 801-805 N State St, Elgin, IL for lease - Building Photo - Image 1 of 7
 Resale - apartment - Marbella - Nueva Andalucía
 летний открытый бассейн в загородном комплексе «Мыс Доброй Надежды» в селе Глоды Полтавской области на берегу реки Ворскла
━━━━━━━━━━━━━━━━
- _Work task_:
Faithfully transcribe the whole of the data.

- _Reply to the task_:
 801-805 N State St, Elgin, IL for lease - Building Photo - Image 1 of 7
 Resale - apartment - Marbella - Nueva Andalucía
 летний открытый бассейн в загородном комплексе «Мыс Доброй Надежды» в селе Глоды Полтавской области на берегу реки Ворскла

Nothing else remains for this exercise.